With all profile subjects, there is always an elephant in the room, a grand question lurking under the surface of author and object. Does the actor have any intellectual substance? How come the athlete never won the Big One? Is the successful entrepreneur a tyrant? The scientist a fake? The artist a one-shot wonder? With Dick Enberg, the question is: How the hell did you get that job so many people want? Here he is, smiling, wearing a warm-up suit on a sunny day in one of the most elegant clubs in the world. He tells sports stories — both of his life and those of famous athletes and broadcasters — with candor, humor, friendliness, and the most genuine mix possible of self-deprecation and respect. How does a nice, simple guy like this get the gig so many sports fans dream of? “When you consider all people who climb over each other to get ahead in TV, and all the rudeness of executives and producers, it’s an incredible testimony to Dick’s character that he’s done it his way,” says Ross Schneiderman, a producer who’s worked with him for 20 years, first at NBC and for the past three years at CBS.

The answer is that Enberg did it with love, diligence, and kind words for just about anyone he’s ever met. Let the other announcers — the shock-jock broadcasters like Jim Rome, whom Enberg deplores — let them rip the losers for choking. Dick Enberg prefers getting choked up.

Bringing out his emotional side was a notable triumph. His father, Arnie Enberg, was Finnish. Like most Scandinavians, Arnie was reticent, frugal with compliments. Dick was the oldest of three, all of whom stayed with Arnie on their Michigan farm when Arnie and Dick’s mother, Belle, divorced when Dick was 14. Arnie’s remoteness vexed young Dick. “I was doing all I could to be a good student, a good athlete,” says Enberg, “and he hardly ever said anything.” One night after a high school basketball game, Dick came home pleased with himself for scoring a career-high 23 points. Arnie tersely noted that the man Dick was guarding scored 25. An upset Dick began crying, at which point Arnie shoved him through a doorway and declared, “The day you think you’re so good and can’t improve, then you can only go one way.”

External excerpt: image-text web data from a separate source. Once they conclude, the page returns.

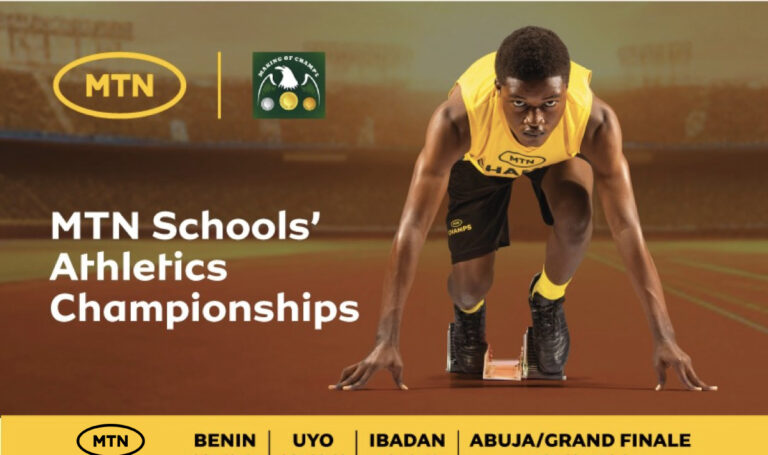 Making Of Champions To Revolutionize School Athletics With MTN CHAMPS MTN CHAMPS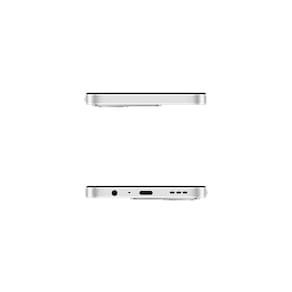 Smartphone Oppo A60 4G Branco 256GB, 8GB RAM, Câmera Traseira de até 50MP, Tela 6.67", 90Hz, IP54 e Processador Snapdragon 6s Gen1
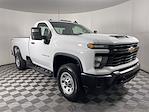 New 2025 Chevrolet Silverado 2500 WT Regular Cab 4x4 Pickup for sale #T25056 - photo 31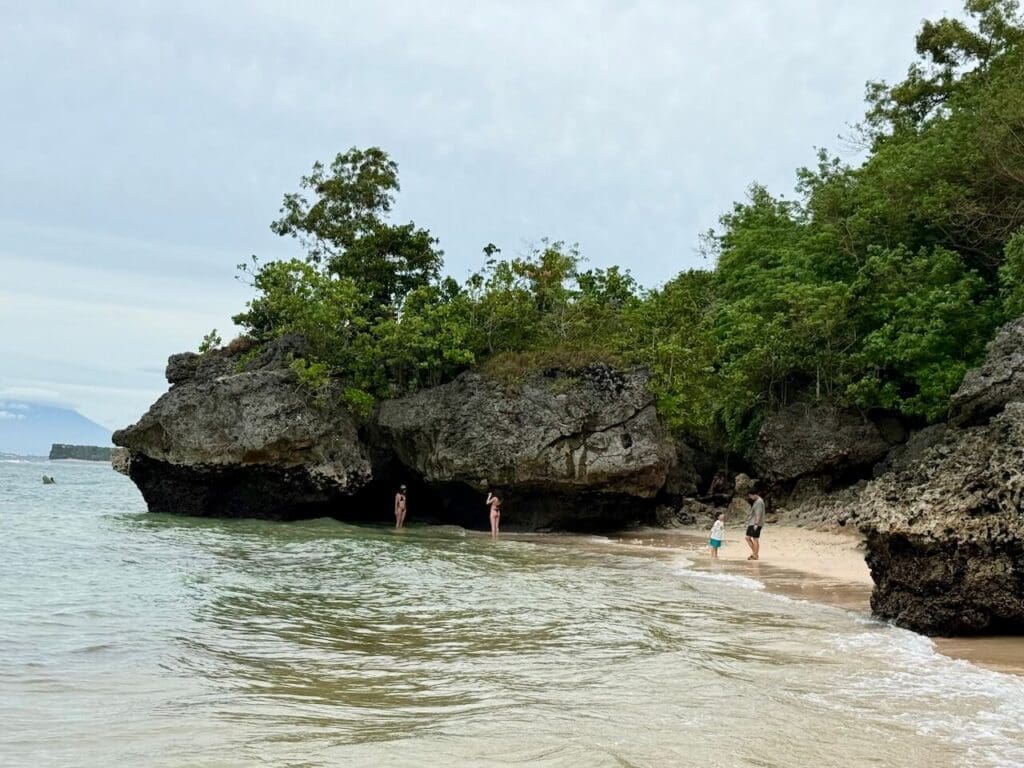 Padang Padang Beach Uluwatu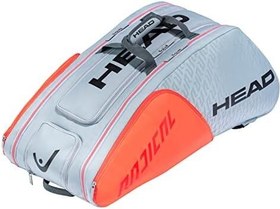 تصویر کیف تنیس HEAD Radical 12R Monstercombi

But no matter how cold Arnie could be, Enberg’s capacity for empathy makes him see the world through his father’s eyes. “He was a hard-working farmer, a man who never made more than $8000 a year,” says Enberg. How could Dick dare expect Arnie to understand his love of games?

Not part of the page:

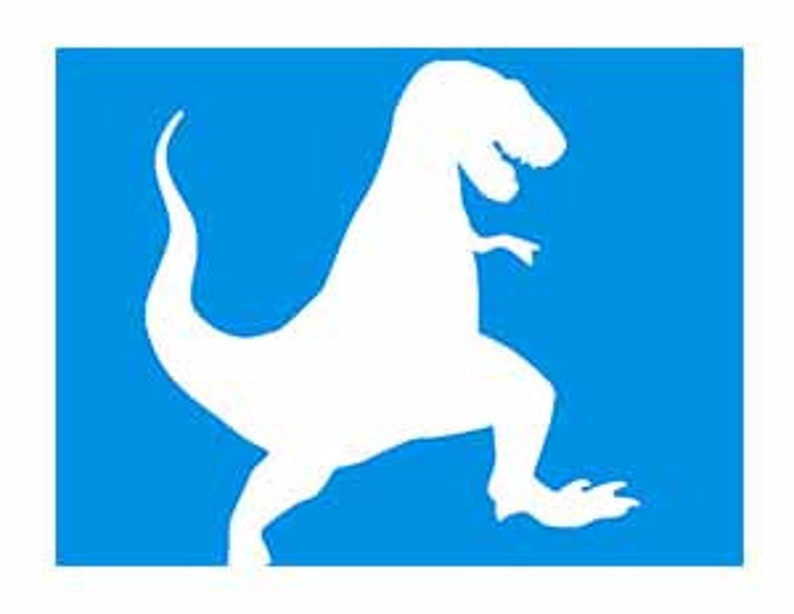 Dinosaur Decor Matches Dino Bedding Set at Target Etsy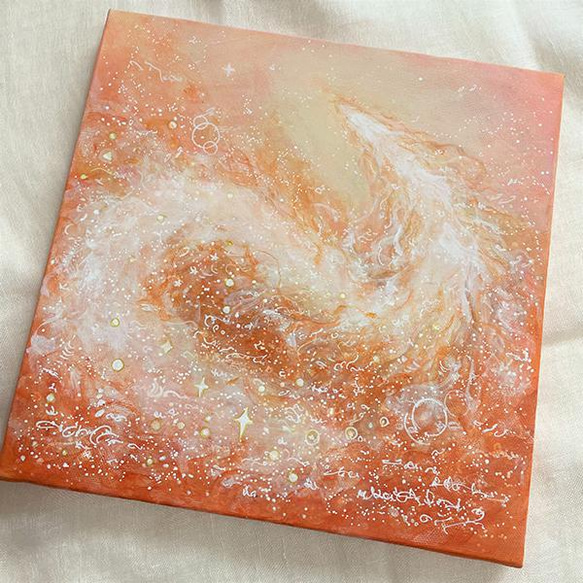 朗らかであれー龍神様の絵　龍の絵 八大龍王　アクリル画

Only a chance encounter with an official from Central Michigan University, backed with a whopping $100 scholarship, gave Dick the chance to attend college. Arnie would have been just as happy to see Dick stay on the farm. Working his way through college, Enberg’s love of sports continued. A PE major, his goal was to become a coach. Earning a dollar an hour as a janitor at the campus radio station WCEN, Enberg was offered a job at the same rate as the weekend DJ. His qualifications: high marks in a speech class that had helped him hone his debating skills. Others such as Richard Nixon would use debate as a launching pad for conquest. Not Enberg. As he recalls, “The hot topic that year was free trade. But it wasn’t the topic that mattered. I was good on the team, but I wasn’t the star debater. But the lessons learned were so invaluable and still are. No matter how hard someone argues and how much they think they’re right, there’s another side of the issue. And you’ve got to take time to appreciate that.”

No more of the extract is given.